For Snowflake adaptation, edit the DATABASE, SCHEMA, TASK_SCHEMA, and GNN_EXP_* constants at the top of smoker_status_prediction.py.

Tune the model

n_epochs — increase for better convergence on a larger dataset.
lr — lower if training loss bounces.
eval_metric — switch to "accuracy" or "f1" if those metrics suit your problem better.
device — use "cuda" for faster training on a GPU-enabled engine.

For the full hyperparameter list, see the Configure a GNN guide.

Extend the model

Add categorical demographics (e.g. occupation, income bracket): list them under category=[...] in the PropertyTransformer.
Try a multiclass task: if your label has more than two values (e.g. never / light / heavy smoker), change task_type="multiclass_classification" and use eval_metric="macro_f1" or "accuracy".
Register the model for reuse: uncomment the bonus section at the bottom of either script.

Troubleshooting

Predictions are all the same class

Check the class balance in train.csv — if it’s heavily skewed, consider re-sampling or training for more epochs with a lower learning rate. Also verify that the RELATED edges correlate with shared smoking status; without an informative network, the GNN reduces to a tabular model.

GNN training is very slow

GNN training runs on the RelationalAI engine you’ve provisioned. The device flag in the script picks which engine flavor to use — "cuda" for GPU-enabled engines (default; significantly faster), "cpu" for CPU-only engines. If training is slow with device="cuda", your engine may not actually have GPU; check the engine type or fall back to "cpu".
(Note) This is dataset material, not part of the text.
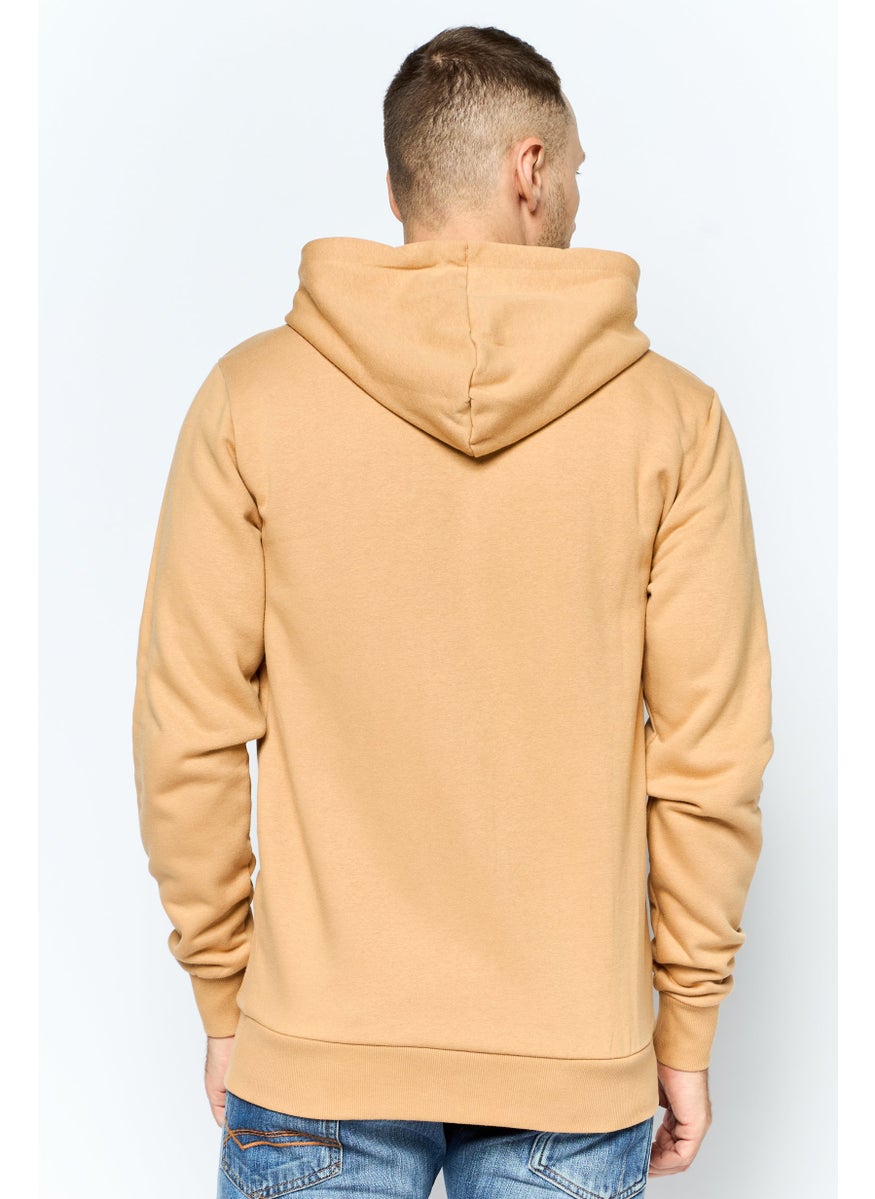 Crooks & Castles - Men Hooded Brand Logo Long Sleeves Sweatshirt, Tan - Image 1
Permissions error from RelationalAI native app

The native app needs USAGE on the database and CREATE EXPERIMENT / CREATE MODEL on the experiment schema. Run:

SET db_name            = '<db>';
SET schema_experiments = '<db>.<exp_schema>';
SET app_name           = 'RELATIONALAI';   -- replace with your app name

CREATE DATABASE IF NOT EXISTS identifier($db_name);
CREATE SCHEMA   IF NOT EXISTS identifier($schema_experiments);

GRANT USAGE             ON DATABASE identifier($db_name)            TO APPLICATION identifier($app_name);
GRANT USAGE             ON SCHEMA   identifier($schema_experiments) TO APPLICATION identifier($app_name);
GRANT CREATE EXPERIMENT ON SCHEMA   identifier($schema_experiments) TO APPLICATION identifier($app_name);
GRANT CREATE MODEL      ON SCHEMA   identifier($schema_experiments) TO APPLICATION identifier($app_name);

rai init fails or connection errors

Ensure your Snowflake credentials are configured correctly and that the RAI Native App is installed on your account. Run rai init again and verify the connection settings.